Two days later, Okogie, a 6-foot-4 guard, himself was having difficulty figuring out what had just happened.

“When I went to bed, I was just in awe,” he said Monday. “I just didn’t know what to think. Still up to this moment, I don’t know what to think, but I guess I’m going to just leave that emotion there and just try to play my best next time.”

It was a rather mature response, particularly for an 18-year-old freshman. Okogie’s Tech career is only dawning, but there has already been plenty to suggest that he’s ticketed to be a most impactful player for the Jackets. Tech fans can see more Tuesday night, when Tech plays Penn State in University Park, Pa., in the ACC/Big Ten Challenge.

Coach Josh Pastner said that he expects highs and lows from Okogie this season, “but I’ve said from the beginning, he’s got a chance to be a really good player down the road.”

The 38 points was a record for a Tech freshman, no small thing at a school that once held the patent on ACC rookie of the year, having produced 11 during the coaching tenures of Bobby Cremins and Paul Hewitt. Only three ACC freshmen have scored more in a single game, Boston College’s Olivier Hanlan (2013 ACC rookie of the year, two-time All-ACC) and North Carolina’s Harrison Barnes (2011 ACC rookie of the year, two-time All-ACC) and Tyler Hansbrough (2006 ACC rookie of the year, four-time first-team All-ACC).

“That’s a heck of a number, to be able to do that as a freshman,” Pastner said. “I don’t care if you’re a senior doing that, let alone a freshman. He should have had 40-something if he’d made some free throws.”

Indeed, one doesn’t score 38 points by accident. Since Tech joined the ACC for the 1979-80 season, seven Tech players have scored 35 or more. Six – Kenny Anderson, Dennis Scott, Tom Hammonds, James Forrest, B.J. Elder and Brook Steppe – earned All-ACC honors during their careers, some gaining accolades far greater. The seventh, Will Bynum, has played 360 NBA games.

Against Tulane, often driving to the basket, Okogie was 12-for-20 from the field (including 1-for-3 from 3-point range) and 13-for-18 from the free-throw line. He dropped 28 after halftime, scoring Tech’s final six points of the first half and its first eight of the second half. Monday, he was the unsurprising choice for ACC rookie of the week.
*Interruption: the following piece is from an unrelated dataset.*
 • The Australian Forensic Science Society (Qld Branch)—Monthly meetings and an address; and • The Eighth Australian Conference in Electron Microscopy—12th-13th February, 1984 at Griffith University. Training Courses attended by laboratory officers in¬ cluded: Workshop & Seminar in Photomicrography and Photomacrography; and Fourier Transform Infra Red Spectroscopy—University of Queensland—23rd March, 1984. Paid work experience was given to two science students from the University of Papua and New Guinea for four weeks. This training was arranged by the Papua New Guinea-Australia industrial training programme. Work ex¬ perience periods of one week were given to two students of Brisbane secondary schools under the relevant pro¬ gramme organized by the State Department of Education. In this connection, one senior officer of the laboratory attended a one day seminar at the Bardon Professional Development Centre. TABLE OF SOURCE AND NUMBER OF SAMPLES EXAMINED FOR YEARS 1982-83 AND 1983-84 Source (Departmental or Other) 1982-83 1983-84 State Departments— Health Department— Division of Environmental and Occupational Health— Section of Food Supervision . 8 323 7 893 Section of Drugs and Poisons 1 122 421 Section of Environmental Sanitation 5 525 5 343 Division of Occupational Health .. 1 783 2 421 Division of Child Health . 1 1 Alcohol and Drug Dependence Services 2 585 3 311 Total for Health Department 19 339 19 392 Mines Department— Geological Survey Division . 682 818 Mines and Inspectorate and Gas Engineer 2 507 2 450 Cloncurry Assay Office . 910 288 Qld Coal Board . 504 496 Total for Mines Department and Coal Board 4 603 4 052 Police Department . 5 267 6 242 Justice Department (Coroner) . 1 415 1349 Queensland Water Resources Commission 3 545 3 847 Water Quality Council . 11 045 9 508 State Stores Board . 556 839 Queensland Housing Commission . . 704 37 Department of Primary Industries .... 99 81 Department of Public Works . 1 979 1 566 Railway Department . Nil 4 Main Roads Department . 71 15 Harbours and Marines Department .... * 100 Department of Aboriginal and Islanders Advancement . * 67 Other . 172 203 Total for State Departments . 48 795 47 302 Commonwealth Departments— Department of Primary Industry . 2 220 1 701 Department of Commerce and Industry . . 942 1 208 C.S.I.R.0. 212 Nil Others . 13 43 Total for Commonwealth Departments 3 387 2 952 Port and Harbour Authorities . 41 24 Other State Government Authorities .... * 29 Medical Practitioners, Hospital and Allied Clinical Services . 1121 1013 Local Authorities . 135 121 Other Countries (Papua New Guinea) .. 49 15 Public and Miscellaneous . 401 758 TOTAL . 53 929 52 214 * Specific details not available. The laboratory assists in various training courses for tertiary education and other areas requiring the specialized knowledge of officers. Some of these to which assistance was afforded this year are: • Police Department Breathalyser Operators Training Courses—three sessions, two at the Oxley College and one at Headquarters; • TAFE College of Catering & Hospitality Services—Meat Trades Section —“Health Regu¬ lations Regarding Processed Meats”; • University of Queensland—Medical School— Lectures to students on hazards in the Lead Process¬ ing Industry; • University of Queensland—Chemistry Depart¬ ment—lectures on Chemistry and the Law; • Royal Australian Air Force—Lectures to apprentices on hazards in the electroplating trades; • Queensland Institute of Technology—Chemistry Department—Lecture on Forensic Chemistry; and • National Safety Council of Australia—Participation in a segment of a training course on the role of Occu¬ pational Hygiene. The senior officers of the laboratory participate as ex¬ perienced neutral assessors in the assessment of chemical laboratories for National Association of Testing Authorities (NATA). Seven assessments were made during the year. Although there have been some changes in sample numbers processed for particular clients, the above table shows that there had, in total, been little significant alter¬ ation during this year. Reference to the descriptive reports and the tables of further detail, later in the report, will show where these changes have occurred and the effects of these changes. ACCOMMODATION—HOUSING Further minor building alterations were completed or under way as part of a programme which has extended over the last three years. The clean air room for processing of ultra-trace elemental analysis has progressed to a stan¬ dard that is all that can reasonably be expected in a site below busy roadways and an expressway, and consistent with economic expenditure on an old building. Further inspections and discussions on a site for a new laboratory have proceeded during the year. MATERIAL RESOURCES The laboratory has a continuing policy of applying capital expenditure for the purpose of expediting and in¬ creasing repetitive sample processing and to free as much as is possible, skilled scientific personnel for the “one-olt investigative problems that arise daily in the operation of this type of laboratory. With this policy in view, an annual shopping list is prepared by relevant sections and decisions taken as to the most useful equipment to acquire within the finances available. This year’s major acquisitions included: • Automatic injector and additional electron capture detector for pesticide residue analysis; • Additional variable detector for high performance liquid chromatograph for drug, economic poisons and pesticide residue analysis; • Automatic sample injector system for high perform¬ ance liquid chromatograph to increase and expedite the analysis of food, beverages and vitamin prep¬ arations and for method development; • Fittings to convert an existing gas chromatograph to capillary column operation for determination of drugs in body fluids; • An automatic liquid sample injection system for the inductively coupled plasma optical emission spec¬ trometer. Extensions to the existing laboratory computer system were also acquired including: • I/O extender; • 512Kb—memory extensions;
It eclipsed his career high at Shiloh High in Snellville by two points. His high-school coach, Kim Rivers, insisted he wasn’t surprised by the outburst.

“When you have a kid for four years, you know what their potential is,” Rivers said, “and his potential is to be a pro.”

Okogie looks like something of a parting gift from former coach Brian Gregory, who recruited him to Tech over Clemson, Tennessee and Kansas State before his dismissal at the end of last season. Pastner met with him soon after his hire and was able to convince him to stay, along with fellow freshman Christian Matthews.

Pastner observed that Okogie’s production was generated by his focus on the defensive end. Okogie has a tendency to be a bit casual when the ball goes away from him.

“He likes to call it, I’m waiting for the bus,’” Okogie said of Pastner.

This isn’t to suggest that Okogie is consumed solely by scoring. He has shown himself to be active on both ends, as evidenced by the fact that he leads the team in winning 50-50 balls in practice, a stat that the team tracks in every practice and that Pastner holds dear.

Regardless, Okogie played with a stopper’s mindset against Tulane, which kept him locked into the game. Okogie said he didn’t even look up at the scoreboard until he had reached about 25 points. Once he realized he was piling up points, he was determined not to try his hot hand with jump shots, but instead continue to go to the basket.

Since the game ended, he said, he hadn’t gone back to admire his work.

“What happens is you feel too good and you crash the next,” he said. “I’m just going to leave it in the books and focus on what I did bad to increase my efficiency.”